American colonists did not allow ships carrying tea to dock in Philadelphia and New York and refused to pay the British-imposed tax in response to the Tea Act. Colonists dumped the tea off of three ships into Boston Harbor in what became known as the Boston Tea Party.
Colonists objected to a series of taxes imposed by the British Parliament, claiming Parliament had no right to tax them because the colonies had no representation in Parliament. Parliament cancelled most of the taxes except for the tea tax, which had two goals: prop up the financially-troubled East India Tea Company and show the colonists it had the authority to tax them.
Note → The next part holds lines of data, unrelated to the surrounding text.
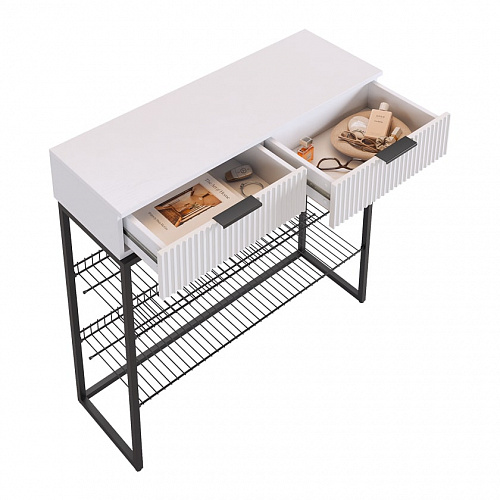 Обувница Классная 1 белое дерево/черный муар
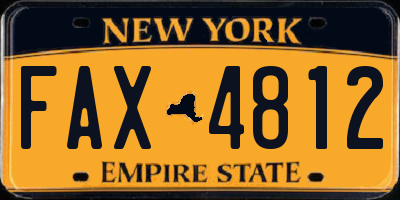 NY license plate FAX4812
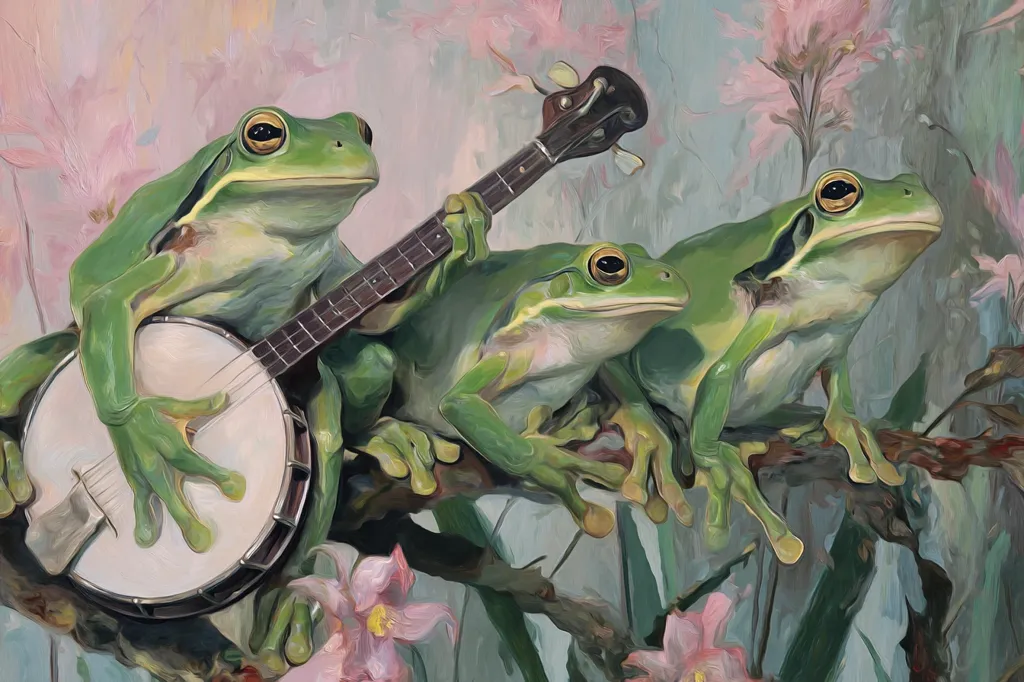 Three green tree frogs are depicted in a whimsical painting, perched on a branch amidst soft pink flowers.  One frog plays a banjo, its companions seemingly enjoying the performance. The style is painterly, with visible brushstrokes creating a textured effect. The overall mood is lighthearted and playful, reminiscent of a folk art illustration.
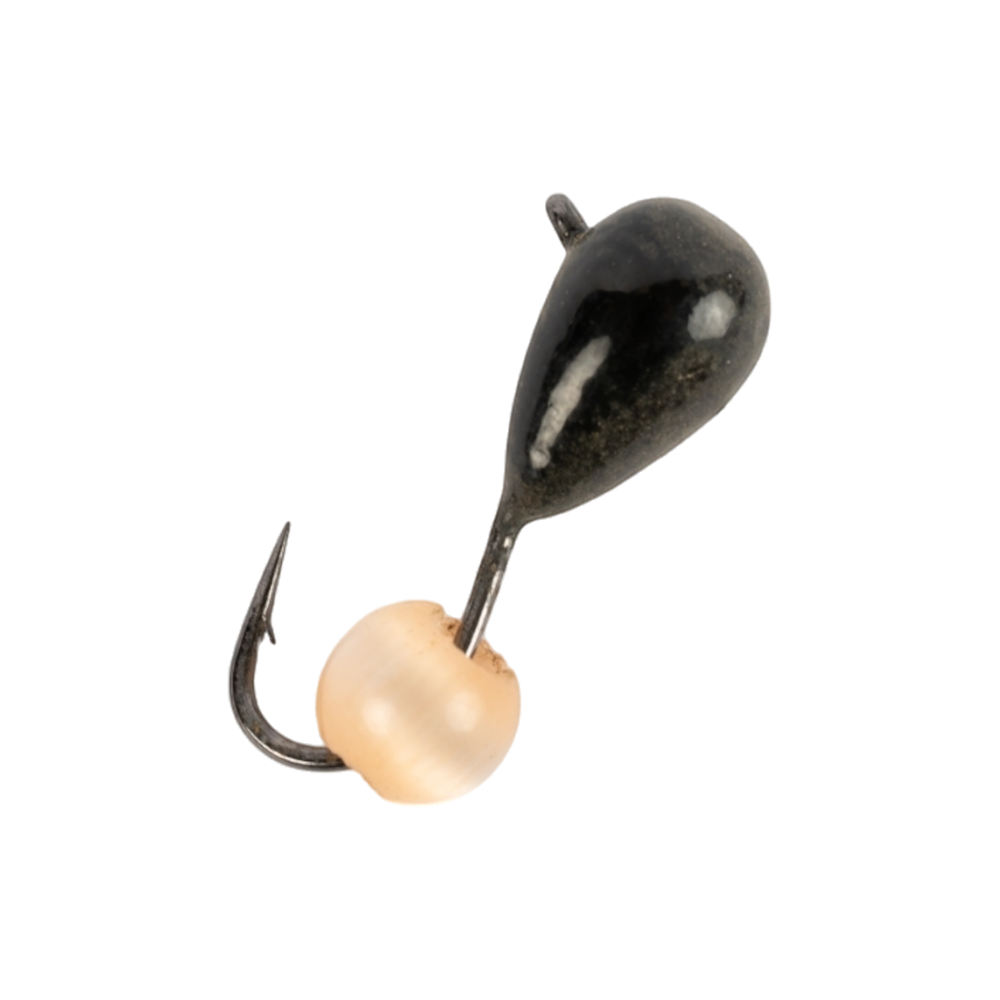 Мормышка вольфрамовая Trye Weight черная "Капля" d4,0мм кошачий глаз, оранжевый (10шт). Фото №2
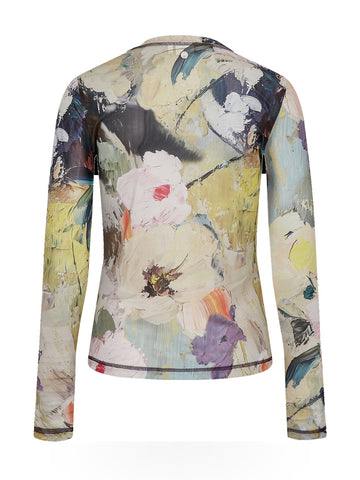 Numph Nualmia Ls Mesh Top - T-Shirt Donna - Forest Green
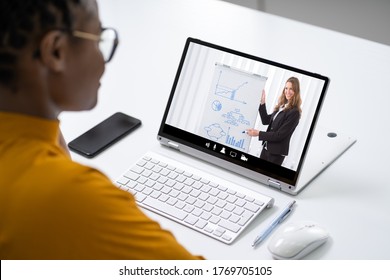 Online Virtual Video Conference Training On Laptop Computer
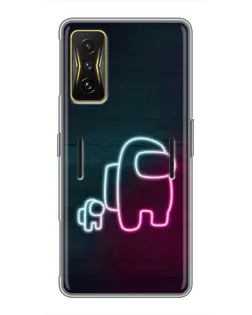 Чехол для Xiaomi POCO F4 GT с картинкой «Among Us неон-арт»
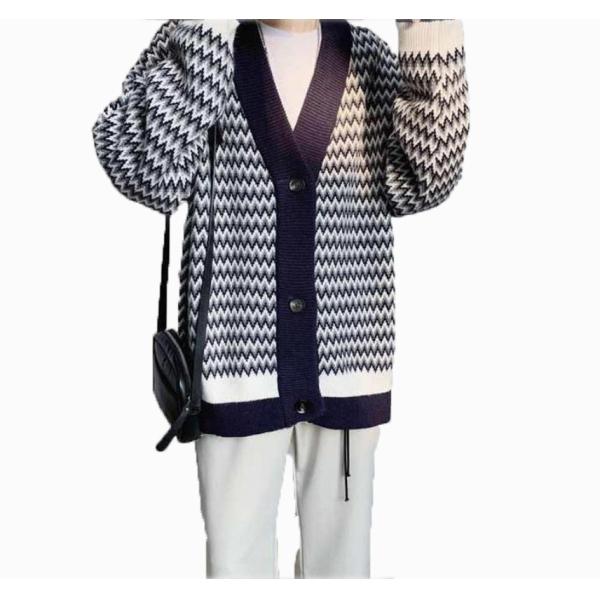 BEIANJI Youth Hip Hop Loose Handsome Contrast Color Sweater 12 Gauge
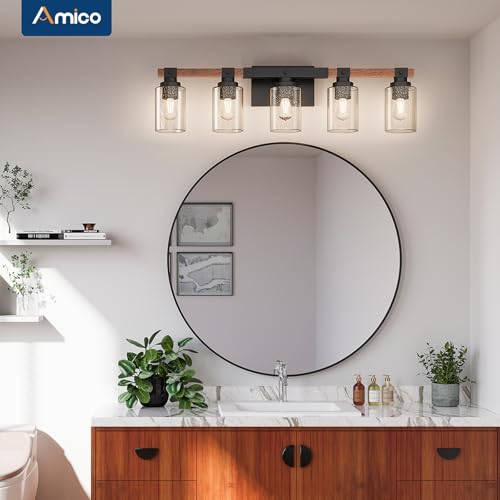 Amico 5-Light Farmhouse Bathroom Vanity Light with Seeded Glass & Black Wood Finish - Rustic Decor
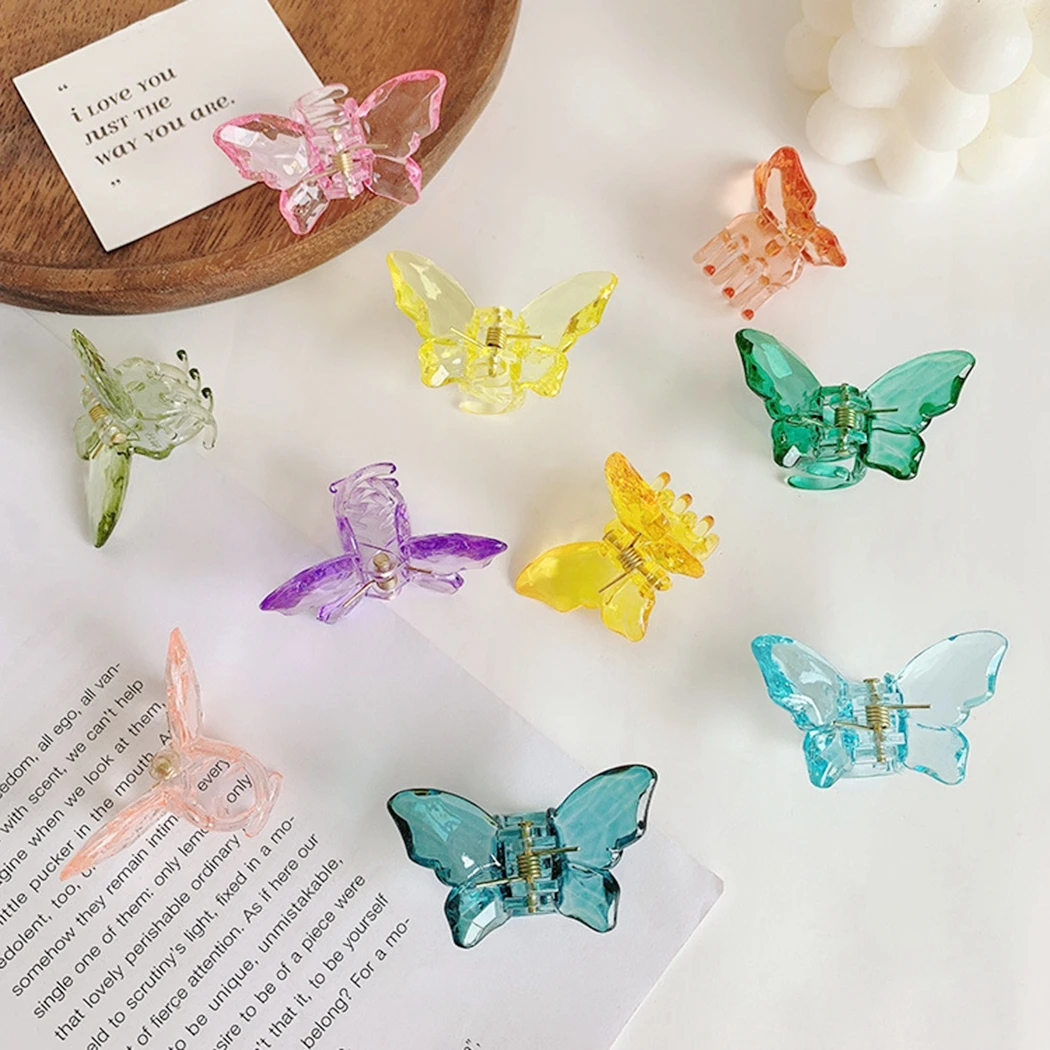 Women Mixed Color Butterfly Hair Clips Grip Claw Barrettes Mini Clamps Jaw Hairpin Headdress Hair Styling Accessories Tool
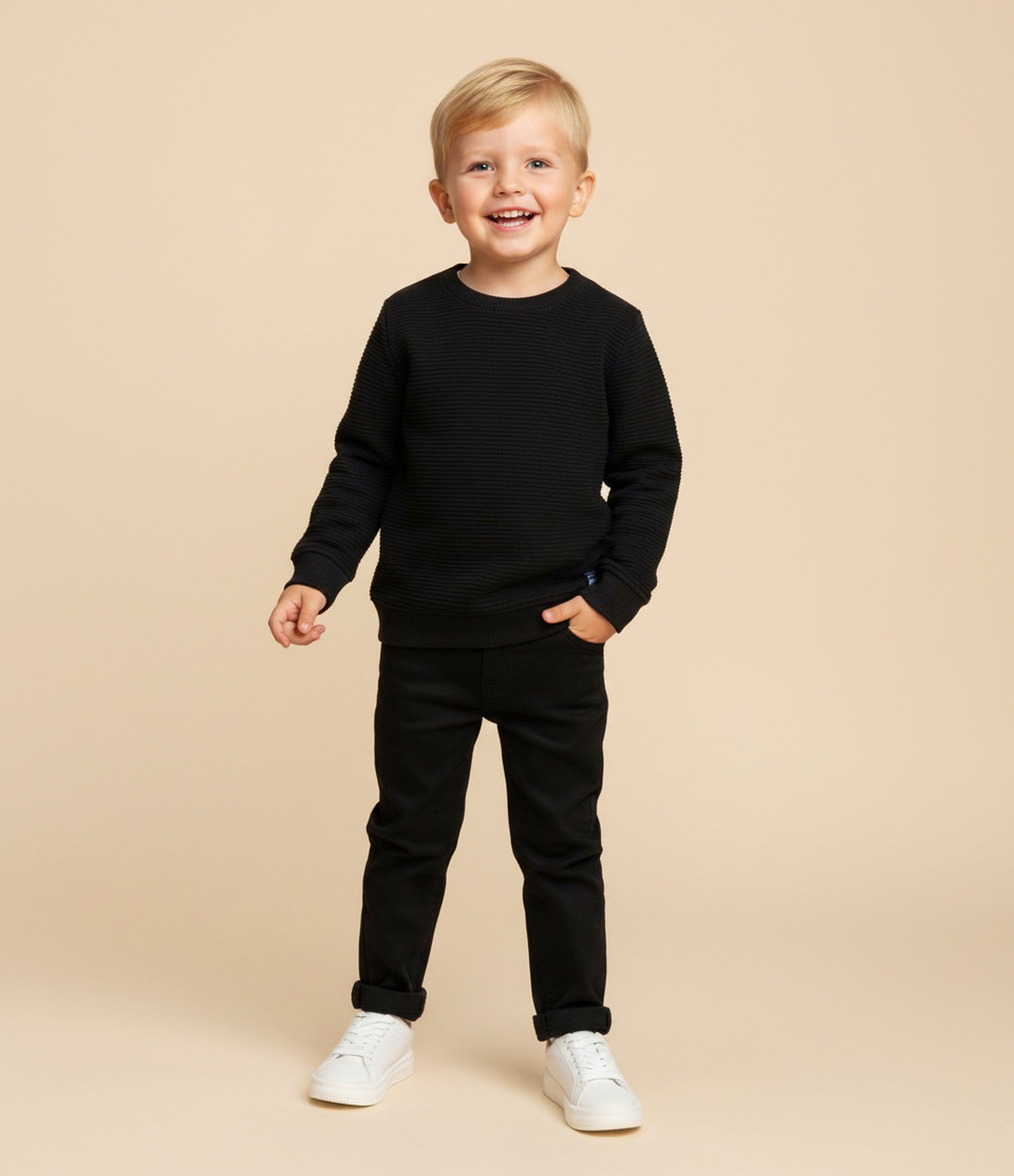 Camiseta Infantil Texturizada Básica - Tam 1 a 6 Anos Preto 1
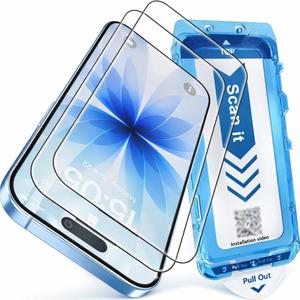 JZG 2 Pack Screen Protector for iPhone 17 [6.3 Inch], Tempered Glass with Auto-Alignment Dust-Free Install Tray, 9H Hardness, Case Friendly, HD Clear Anti-Scratch Film - Easy 1-Pull Installation (Transparent)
In December 1773, three ships carrying tea arrived in Boston Harbor. The colonists were enraged, refused to pay the tea tax and demanded the ships leave. The Collector of Customs refused to let the ships leave until the duty was paid. On the night of Dec. 16, 1773, Samuel Adams and around 200 other colonists disguised as American Indians boarded the three ships, and in three hours, they dumped 45 tons of tea into the harbor. Parliament retaliated by passing the Coercive Acts of 1774 to punish Massachusetts and Boston in particular for their defiance of British authority. One of the Coercive Acts closed Boston Harbor until the damages caused by the Boston Tea Party were paid. The Tea Tax, the Boston Tea Party, the Coercive Acts and other incidents eventually led to the American Revolution.